Sunshine on whose shoulders? Speaking of Florida,  the other big narrative of the political press this season has been the continued dominance of self-financed candidates like healthcare executive Rick Scott, who defeated Florida’s attorney general last week for the GOP nomination to succeed Crist as the state’s governor. But the Year of the Woman, Half-Strength Edition may not be completely over. Scott’s already facing stiff competition from banker Alex Sink, Florida’s popular chief financial officer, who spent years at the Export-Import Bank and Bank of America before being elected to her current position. She’s a low-key diversity story in another way, as an Asian-American descendant of the original “Siamese twins,” Chang and Eng Bunker. And she’s already running blistering ads against Scott, whose Columbia/HCA healthcare conglomerate has often been mired in scandal. But her main task, says the Miami Herald, is also getting the fractious Sunshine State voters to know who she is, too.
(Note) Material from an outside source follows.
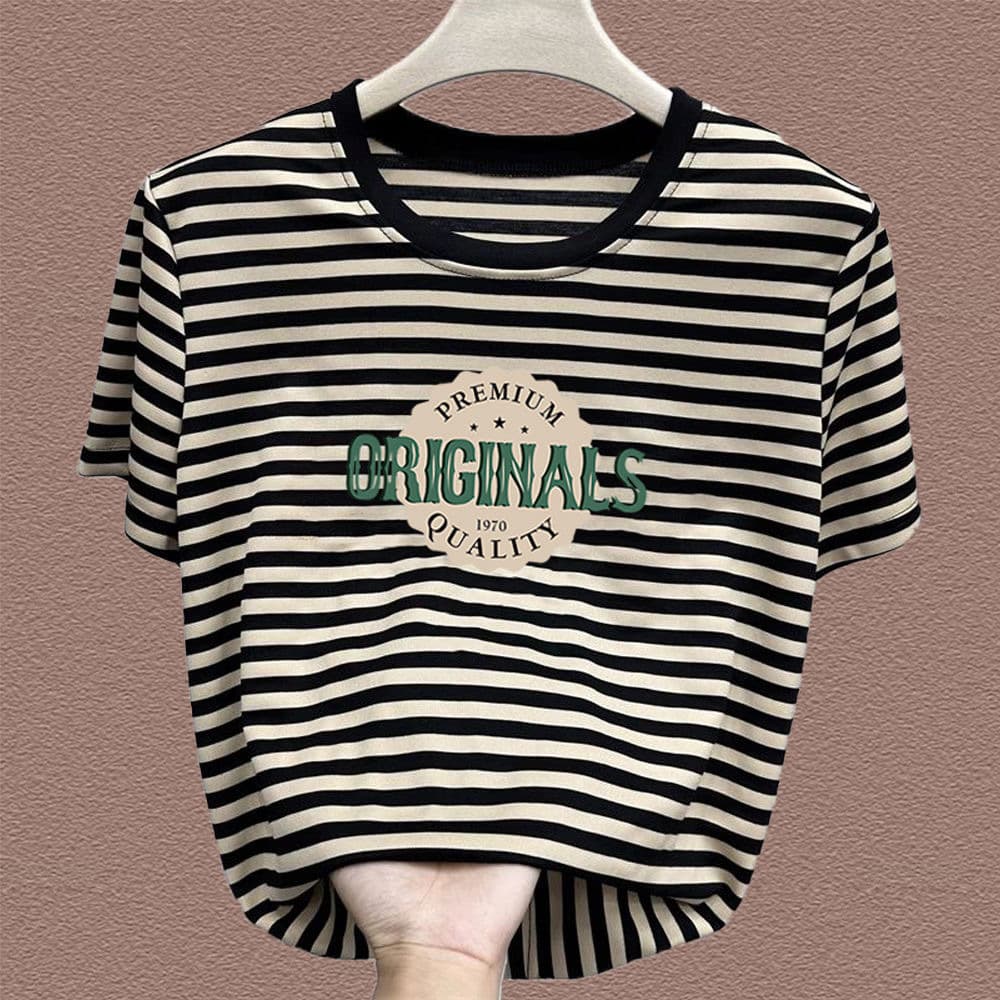 Summer Short Sleeve T-Shirt for Women Plus Size Striped Print Top Fashionable Loose Round Neck Stylish Blouse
Show me the dynasty? Not that she had any opposition in the August 3 primary, but Missouri Secretary of State Robin Carnahan is already meeting headwinds in her bid to replace Senator Kit Bond. Carnahan, an attorney who helped Eastern European nations craft new constitutions after the Cold War, has perhaps the most familiar name in Missouri aside from John Ashcroft’s. After the death of her father, Mel Carnahan, in a plane crash, his Senate seat went to her mother, Jean, in a tradition that was once the only way women ever got to Congress. Carnahan’s fate now, in famously mercurial Missouri, appears closely tied to national politics; her opponent, Roy Blunt, is already blasting  her support for health reform, in a state that just voted against it in a meaningless referendum. But we wouldn’t count her out: Carnahan has survived breast cancer and the death of her father, and our guess is that she’s pretty tough.

These three races to watch join the others we wrote about earlier. In Connecticut, Linda McMahon is close in the polls with Democrat Richard Blumenthal, especially after ads featuring injured former wrestlers who once worked for her. The same is true in California for eBay CEO Meg Whitman’s governor’s race and a closer-than-expected race between Senator Barbara Boxer and Hewlett-Packard exec Carly Fiorina, and the funhouse-mirror national slugfest between Nevada Senate candidate Sharron Angle and Majority Leader Harry Reid.  But it’s a long way to November.  Our task is to remain engaged, check the facts as we go along, and stock up on popcorn.